En décembre 2014, l'Office cantonal de la population et des migrations du canton de Genève l'a autorisé à suivre une formation auprès de l'école de Langue Française, ce qui lui a permis d'être admis en 2015 à un programme de doctorat auprès de l'European Business School, l'obtention du titre recherché étant prévue dans le courant du mois d'octobre 2017.

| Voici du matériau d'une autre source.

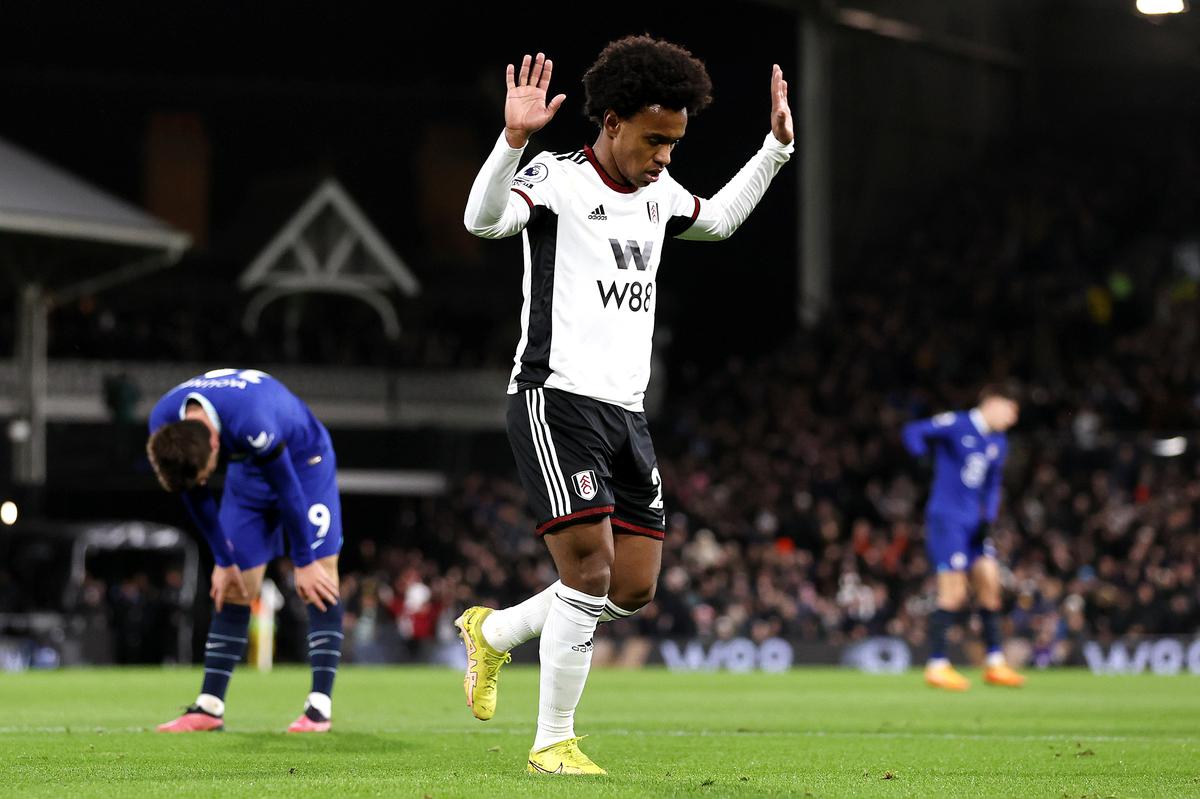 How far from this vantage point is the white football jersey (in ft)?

Le 5 octobre 2017, A.________ a sollicité de l'Office cantonal de la population et des migrations le renouvellement de son autorisation de séjour pour études. Le 21 décembre 2017, l'Office cantonal de la population et des migrations l'a informé qu'il estimait que le but de son séjour était atteint, que les conditions de renouvellement de son autorisation de séjour pour études n'étaient pas remplies et qu'il ne se justifiait pas de lui délivrer une autorisation. S'en est suivi un échange épistolaire entre l'administration et l'intéressé au sujet des conditions de délivrance d'une autorisation de séjour pour études.
2.
Par lettres des 26 avril et 8 juin 2019, A.________ a finalement indiqué à l'Office cantonal de la population et des migrations que sa situation et ses projets d'études avaient changé depuis qu'il avait requis, à la fin de l'année 2017, la prolongation de son autorisation de séjour, et qu'il souhaitait modifier sa requête, toujours pendante, afin d'être autorisé à trouver un travail en Suisse.

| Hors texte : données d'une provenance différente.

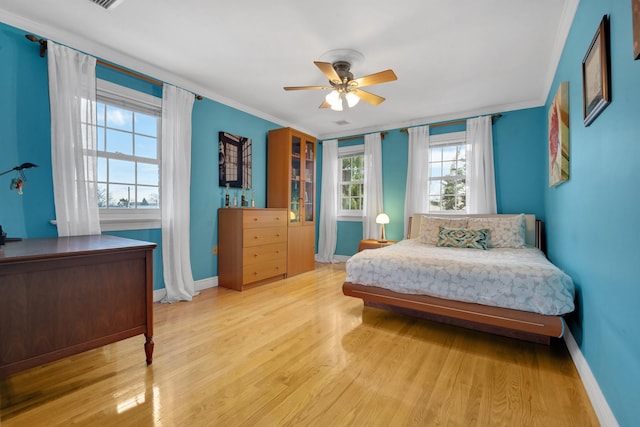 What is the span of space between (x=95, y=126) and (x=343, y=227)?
397 centimetres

Par décision du 14 avril 2023, l'Office cantonal de la population et des migrations a refusé d'octroyer une autorisation de séjour à A.________ fondée sur l'art. 30 al. 1 let. b LEI et prononcé son renvoi de Suisse.
Par jugement du 12 février 2024, le Tribunal administratif de première instance du canton de Genève a rejeté le recours que l'intéressé avait déposé contre la décision rendue le 14 avril 2023 par l'Office cantonal de la population et des migrations.
Par arrêt du 9 juillet 2024, la Cour de justice du canton de Genève a rejeté le recours que A.________ avait interjeté contre le jugement rendu le 12 février 2024 par le Tribunal administratif de première instance.
3.
Par courrier du 5 août 2024, A.________ a informé le Tribunal fédéral de son intention de déposer un recours contre l'arrêt rendu le 9 juillet 2024 par la Cour de justice. Le 7 août 2024, il a déposé un "recours" contre l'arrêt attaqué. Il conclut au renouvellement de son autorisation de séjour. Il se plaint de retard excessif, de la violation des art. 30 al. 1 let. b LEI et 31 OASA, ainsi que de celle de l'art. 8 CEDH sous l'angle de la vie privée en raison de la longue durée de sa présence en Suisse.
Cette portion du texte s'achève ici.